Required work → In the entries below, which lines run from the one with "VOLKSWAGEN-JETTA-2015" through the one with "22 Bement Avenue, Poughkeepsie, NY"? Repeat exactly those, both included, and no pictures.

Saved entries
============================================================
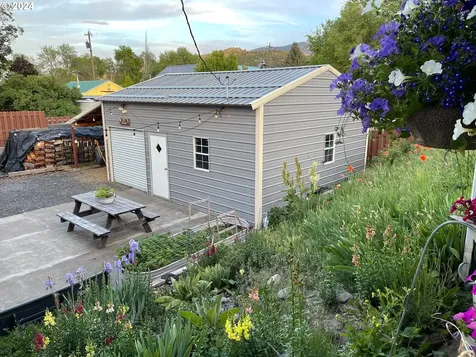 210 NW 4th Avenue John Day OR 97845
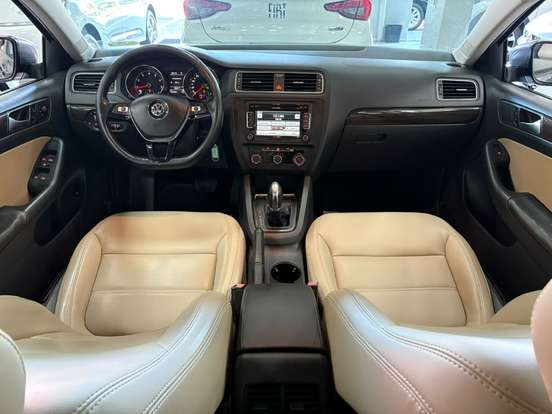 VOLKSWAGEN-JETTA-2015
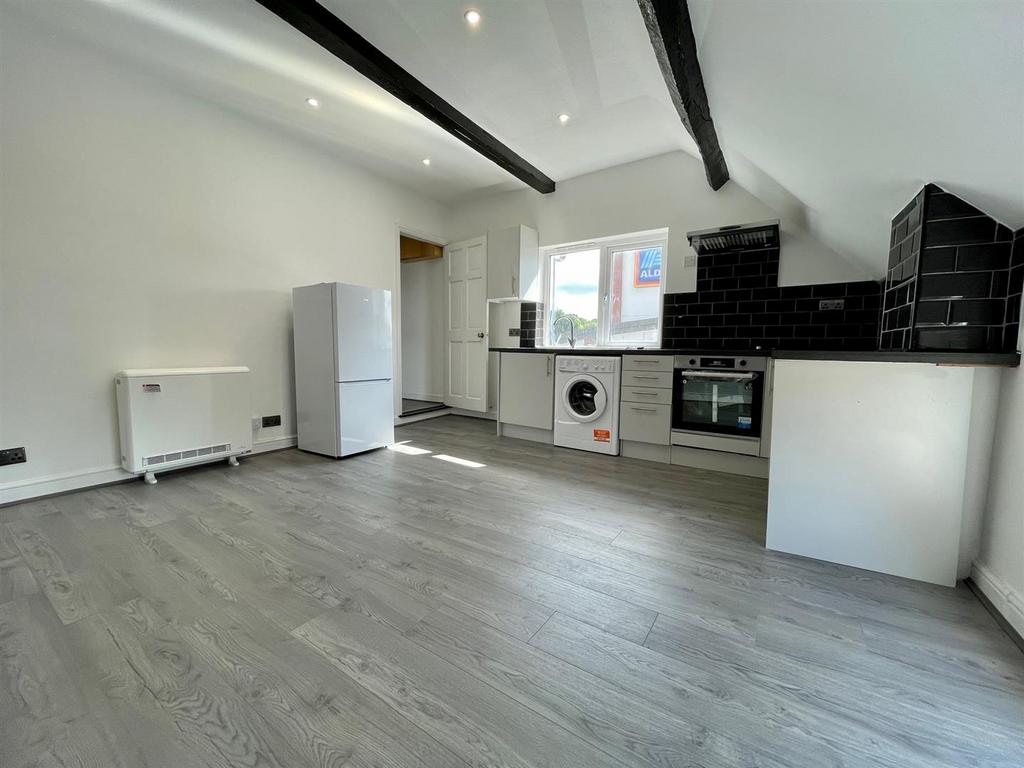 Lounge/Kitchen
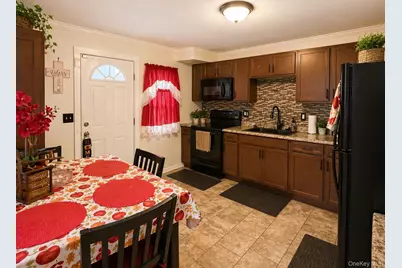22 Bement Avenue, Poughkeepsie, NY 12601 - Photo 7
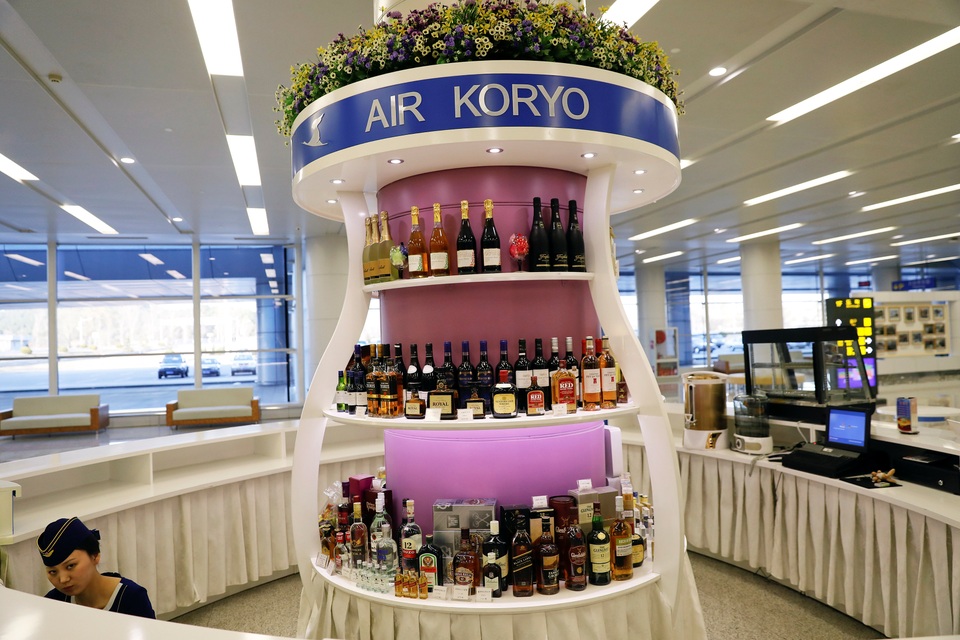 Tầm “phủ sóng” của hãng hàng không Triều Tiên - 2 Các sản phẩm nước ngọt và thuốc lá của Air Koryo được bày bán rộng rãi không chỉ ở sân bay Bình Nhưỡng mà còn ở nhiều cửa hàng tại Bình Nhưỡng. Trong ảnh: Một quầy bán rượu, thuốc lá và nước ngọt tại sân bay Bình Nhưỡng.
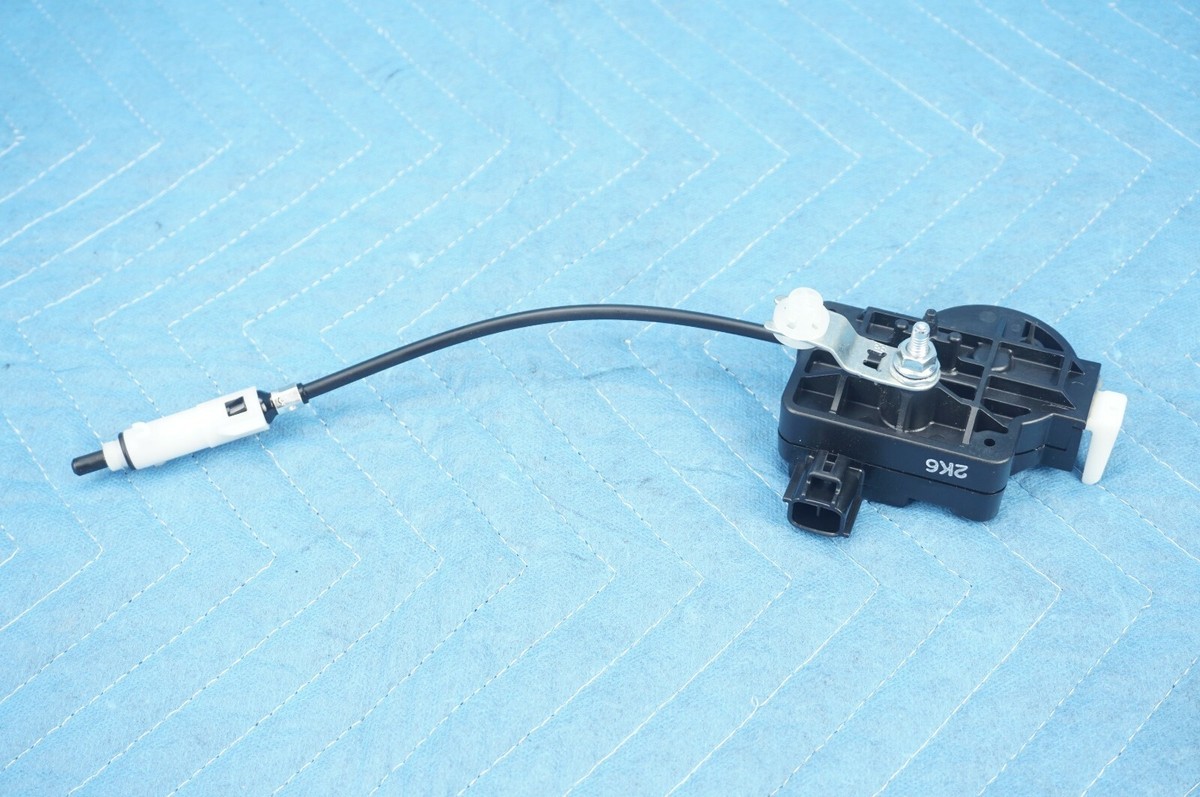 ルンバ Lexus GX460 Fuel Door Lock w/ Actuator 77030-60010 2010-2023 OEM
============================================================
Result →
 VOLKSWAGEN-JETTA-2015
 Lounge/Kitchen
22 Bement Avenue, Poughkeepsie, NY 12601 - Photo 7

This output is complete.